• **ASSIGNMENT**: From the line containing "Love is a temporary" to the line containing "帮忙解决德赛TS908出厂密码是多少" in the records below, set down every line exactly as it stands, both ends included, and skip the pictures.

*** Block opens ***

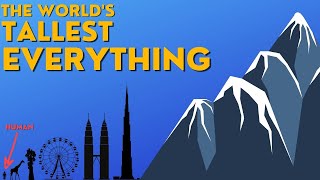 The Worlds Tallest EVERYTHING [upl. by Polk223]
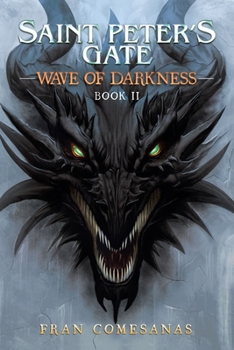 Paperback Saint Peter's Gate: Wave of Darkness Book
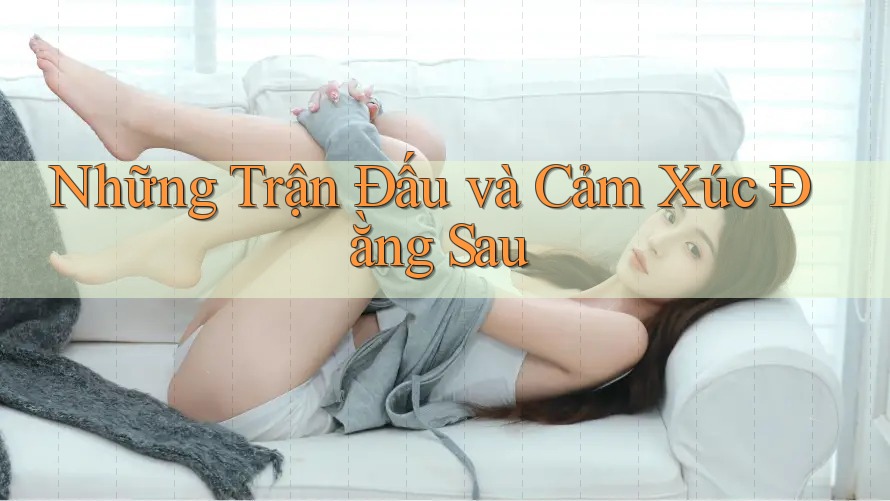 Những Trận Đấu và Cảm Xúc Đằng Sau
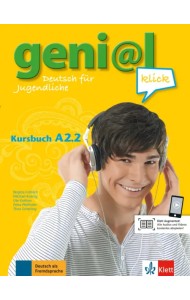 Geni@l klick A2.2. Deutsch als Fremdsprache für Jugendliche. Kursbuch mit Audios und Videos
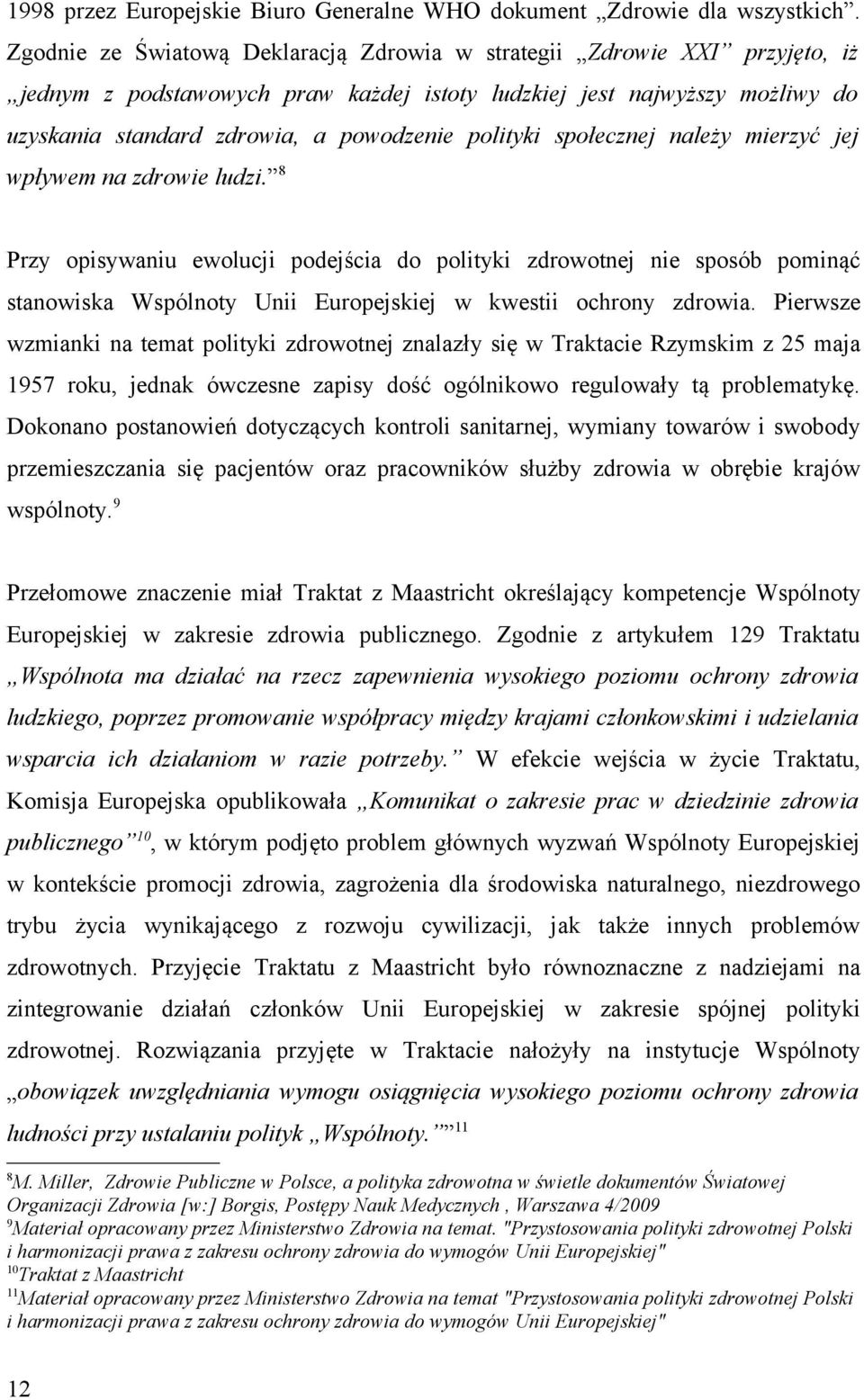 polityki społecznej należy mierzyć jej wpływem na zdrowie ludzi.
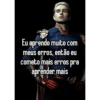 Eu aprendo muito com meus erros, então eu cometo mais erros pra aprender mais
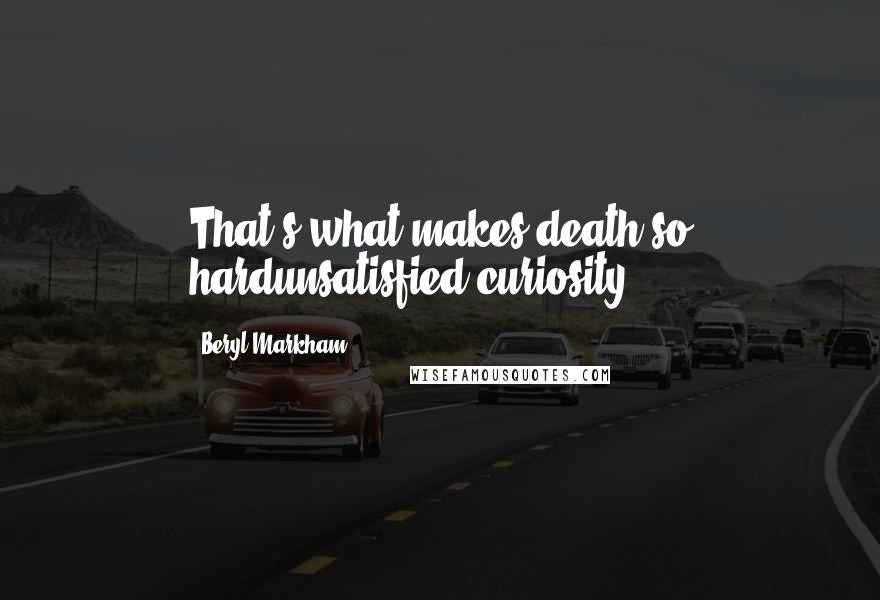 Beryl Markham Quotes: That's what makes death so hardunsatisfied curiosity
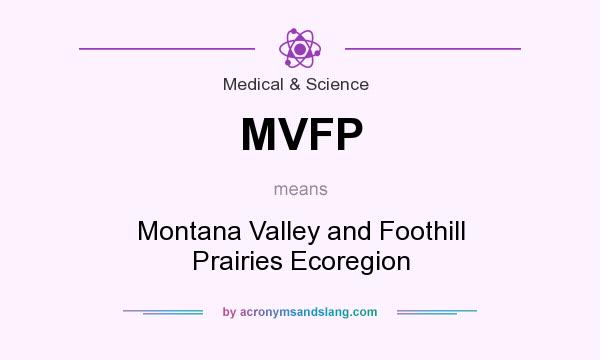 What does MVFP mean? It stands for Montana Valley and Foothill Prairies Ecoregion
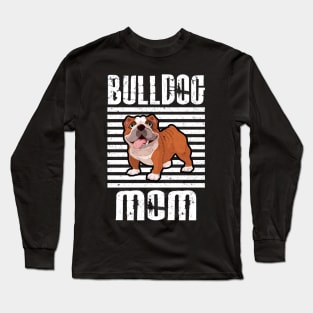 Bulldog Mom Proud Dogs Long Sleeve T-Shirt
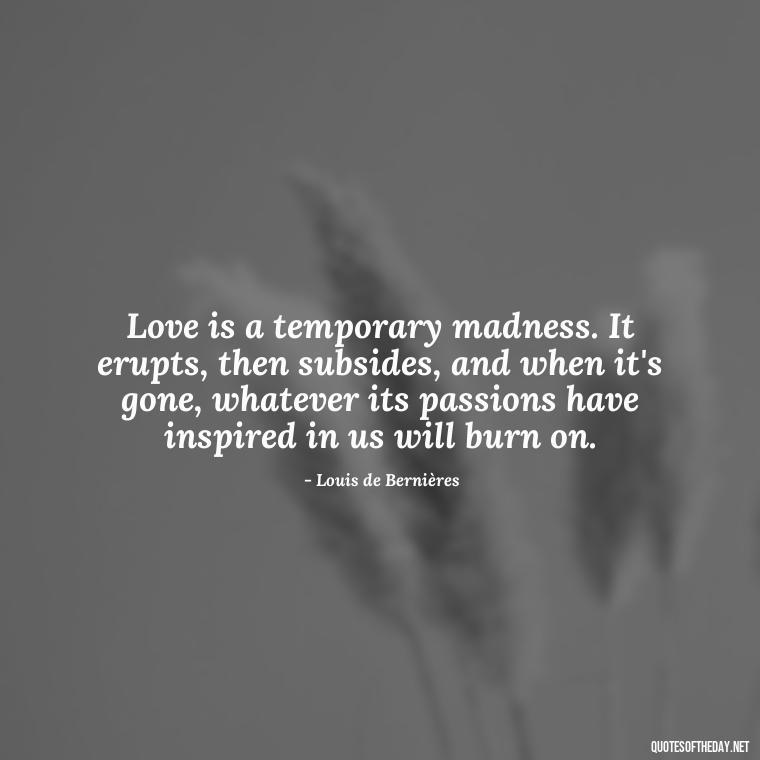 Love is a temporary madness. It erupts, then subsides, and when it's gone, whatever its passions have inspired in us will burn on. - Deep Poetic Love Quotes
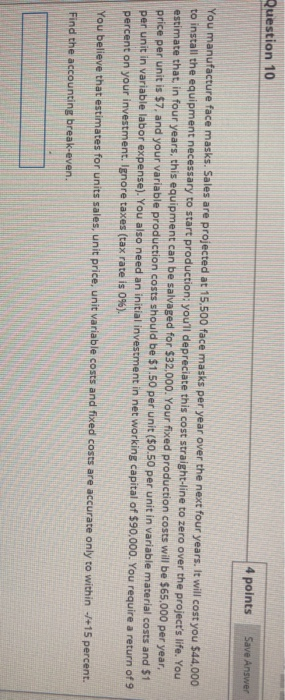  Question 10 4 points Save Answer You manufacture face masks. Sales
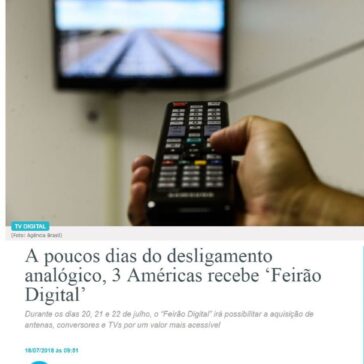 A poucos dias do desligamento analógico, 3 Américas recebe “Feirão Digital? – O Livre – O Livre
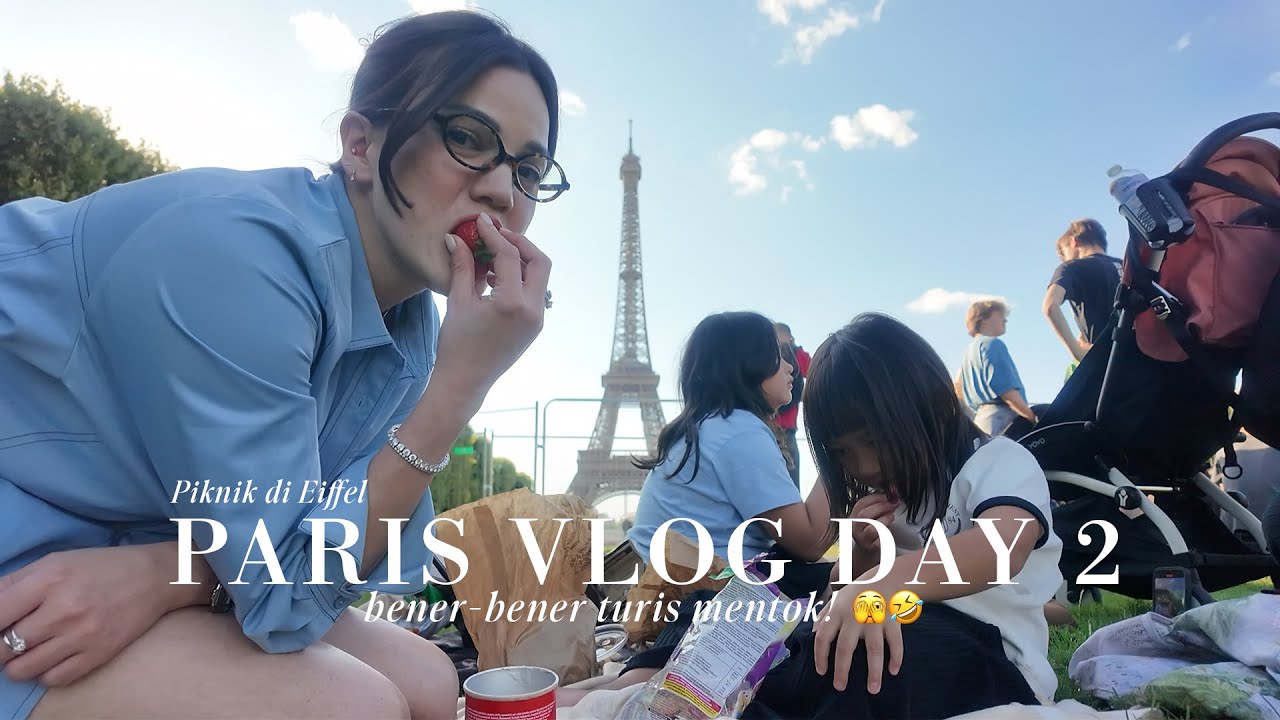 PARIS VLOG DAY 2: Piknik di Eiffel, bener-bener jadi turis mentok! 🫣🤣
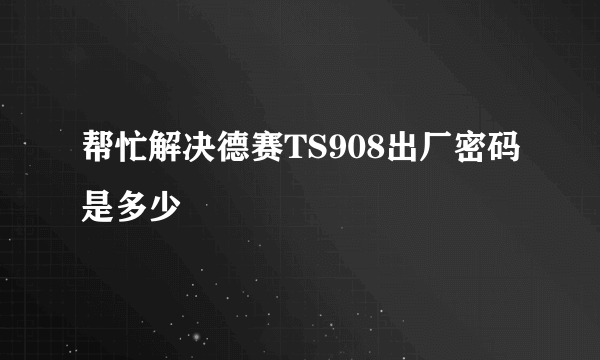 帮忙解决德赛TS908出厂密码是多少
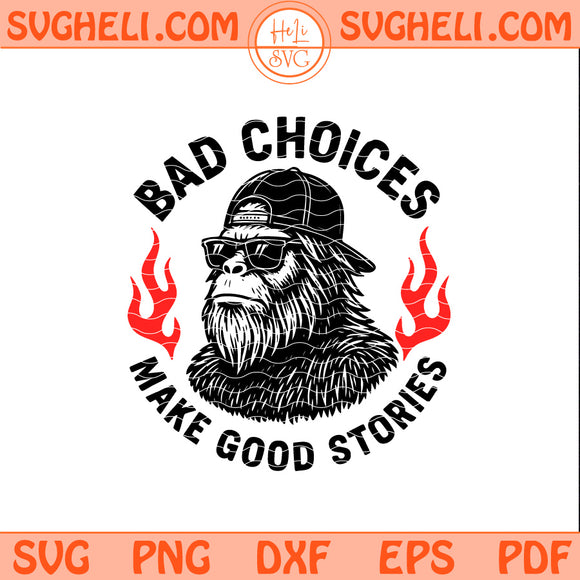 Sasquatch Bad Choices Make Good Stories Svg Bigfoot Svg Png Dxf Eps Pdf Files
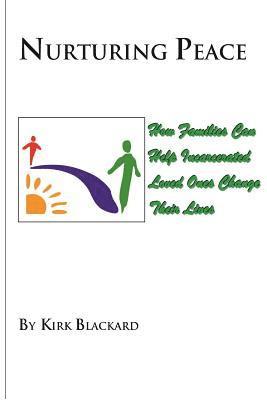 Kirk Blackard - Nurturing Peace: How Families Can Help Incarcerated Loved Ones Change Their Lives, Häftad. Tillgänglighet: Lägg i varukorg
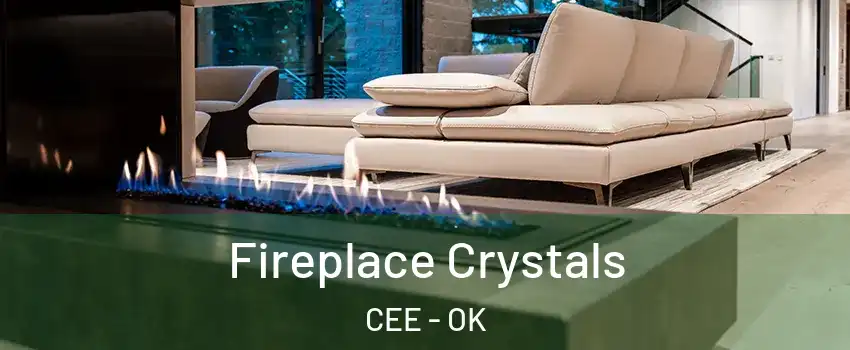 Fireplace Crystals CEE - OK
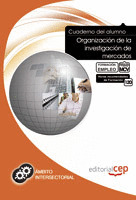 CUADERNO DEL ALUMNO ORGANIZACIÓN DE LA INVESTIGACIÓN DE MERCADOS. FORMACIÓN PARA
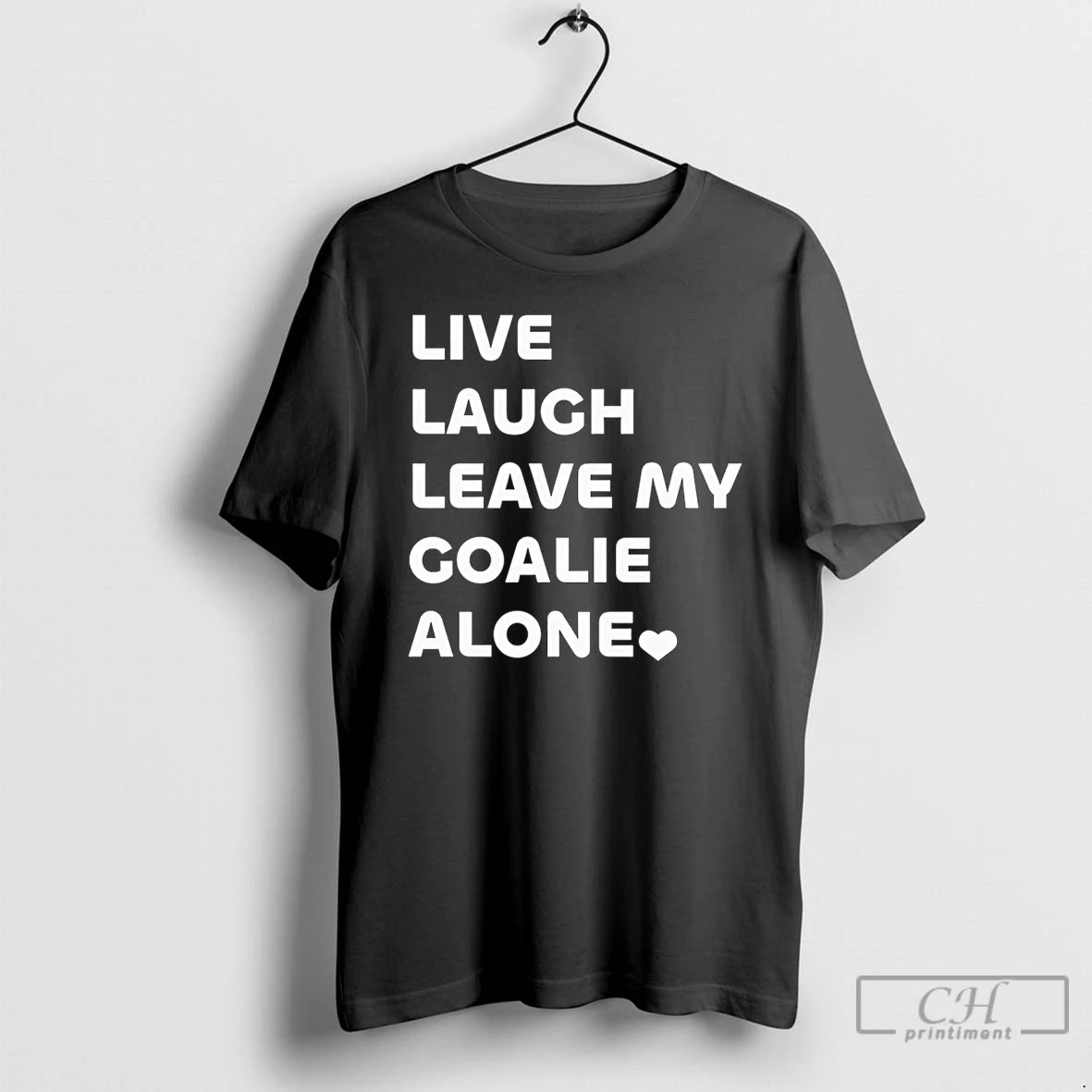 Premium Live Laugh Leave My Goalie Alone T-Shirts, Hoodie, Sweatshirt | AU18TeeNovaLab.com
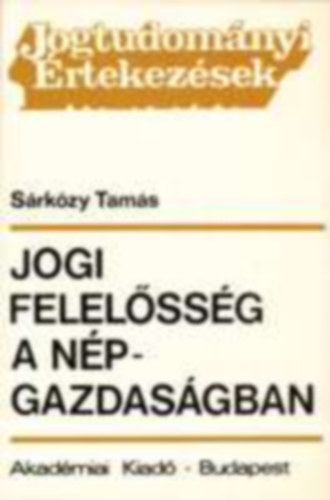 Srkzy Tams - Jogi felelssg a npgazdasgban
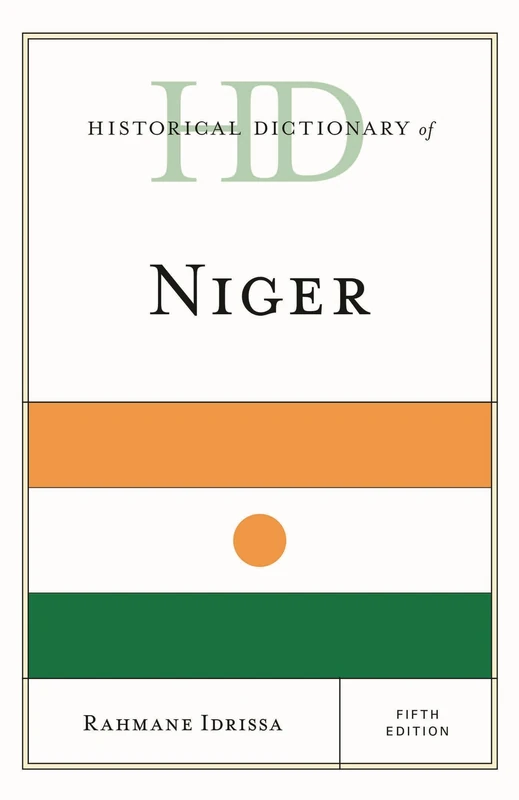 Historical Dictionary of Niger, Fifth Edition (Historical Dictionaries of Africa)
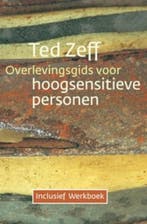 Overlevingsgids voor hoog sensitieve personen 9789069638805, Verzenden, Zo goed als nieuw, Ted Zeff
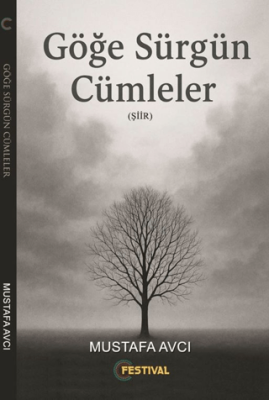 Göğe Sürgün Cümleler - 1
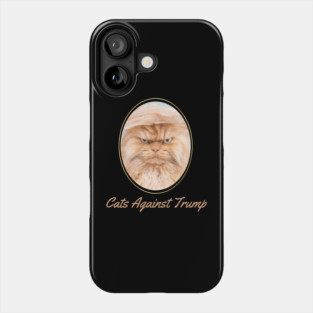 Funny Cats Anti-Trump - Cats Against Trump Phone Case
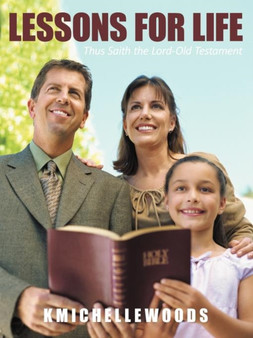 Lessons for Life : Thus Saith the Lord-Old Testament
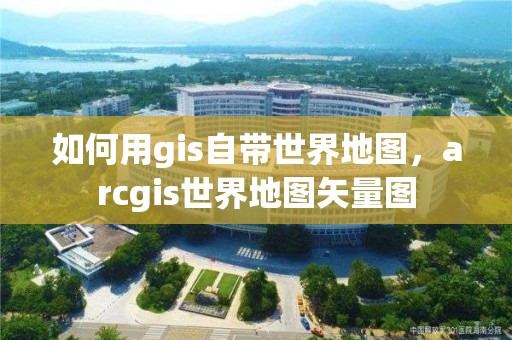 如何用gis自带世界地图，arcgis世界地图矢量图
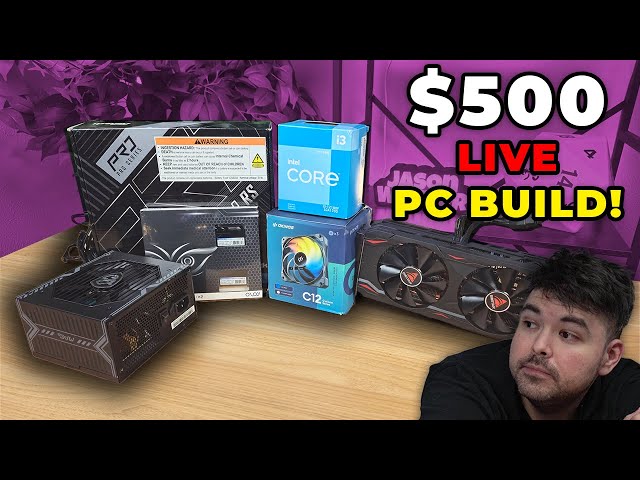 LIVE BUILD $500 GAMING PC!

*** Block closes ***

• **EXERCISE ANSWER**:
 Love is a temporary madness. It erupts, then subsides, and when it's gone, whatever its passions have inspired in us will burn on. - Deep Poetic Love Quotes
  Question 10 4 points Save Answer You manufacture face masks. Sales
 A poucos dias do desligamento analógico, 3 Américas recebe “Feirão Digital? – O Livre – O Livre
 PARIS VLOG DAY 2: Piknik di Eiffel, bener-bener jadi turis mentok! 🫣🤣
 帮忙解决德赛TS908出厂密码是多少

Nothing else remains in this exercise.